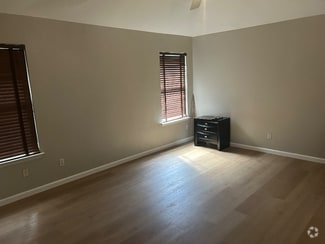 Building Photo - 1225 Darless Dr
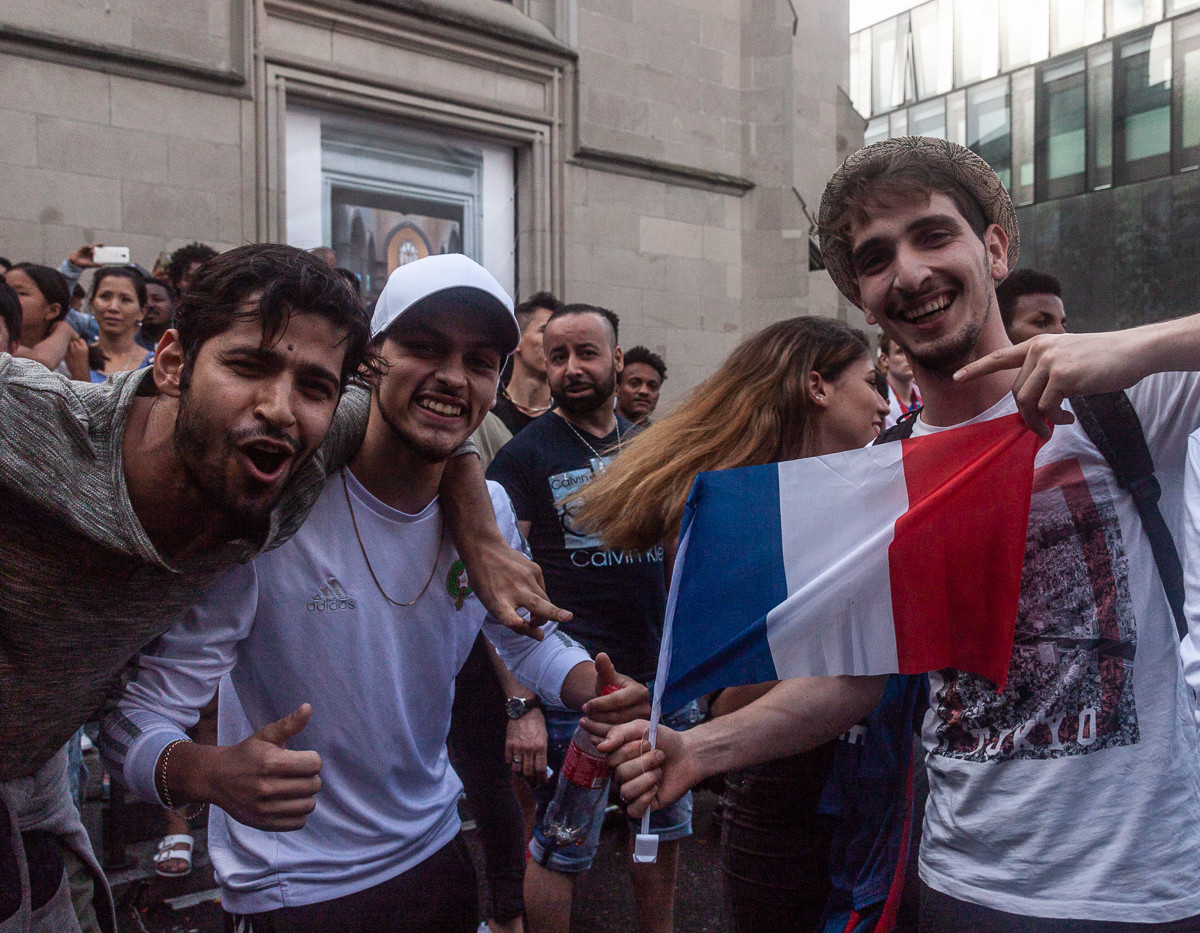 Weltmeister! Die Franzosen feiern im Schweizerhof in Unterzahl
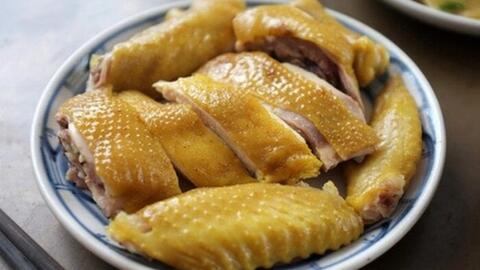Ăn thịt gà hâm lại dễ bị ung thư?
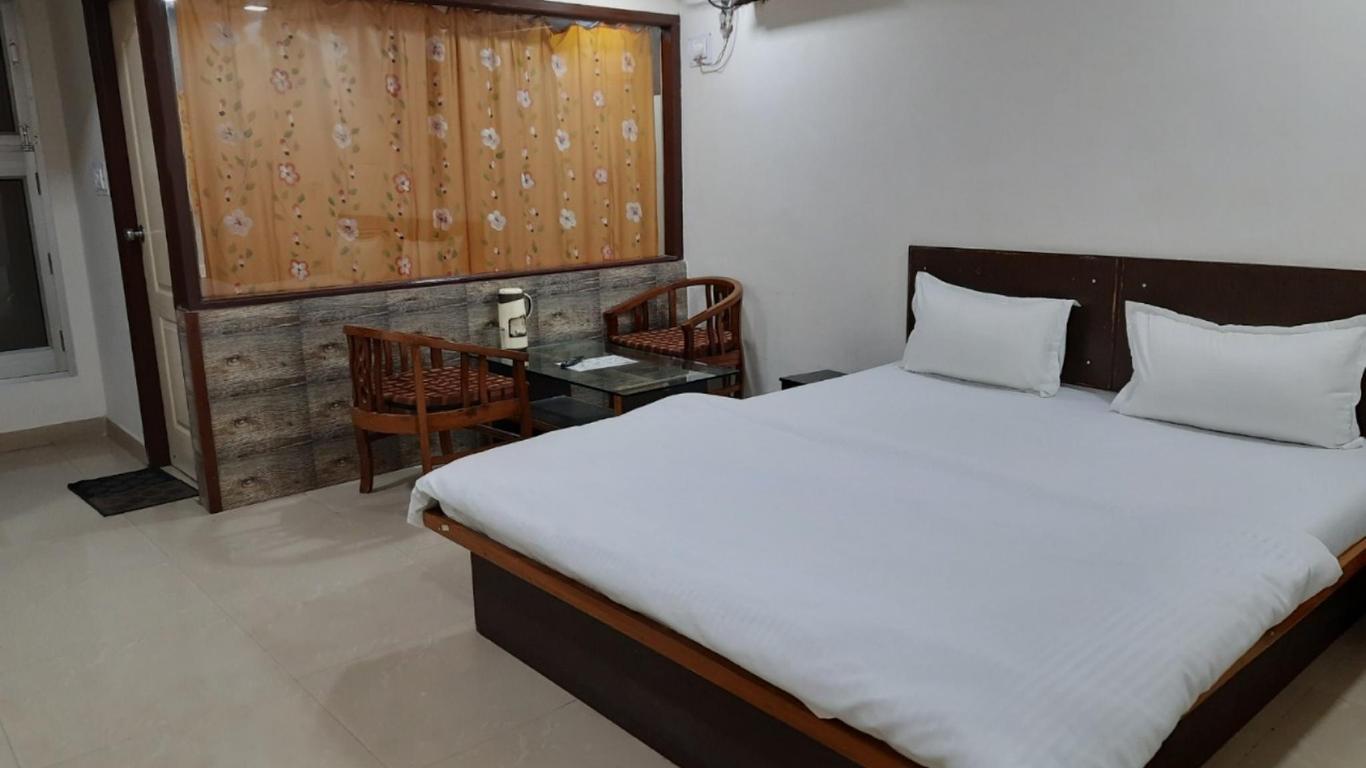 Goroomgo Heavens Guest House Haridwar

Exercise prompt: The answer should consist of every line above, exact and free of images.

Completed task:
 Building Photo - 1225 Darless Dr
 Weltmeister! Die Franzosen feiern im Schweizerhof in Unterzahl
Ăn thịt gà hâm lại dễ bị ung thư?
 Goroomgo Heavens Guest House Haridwar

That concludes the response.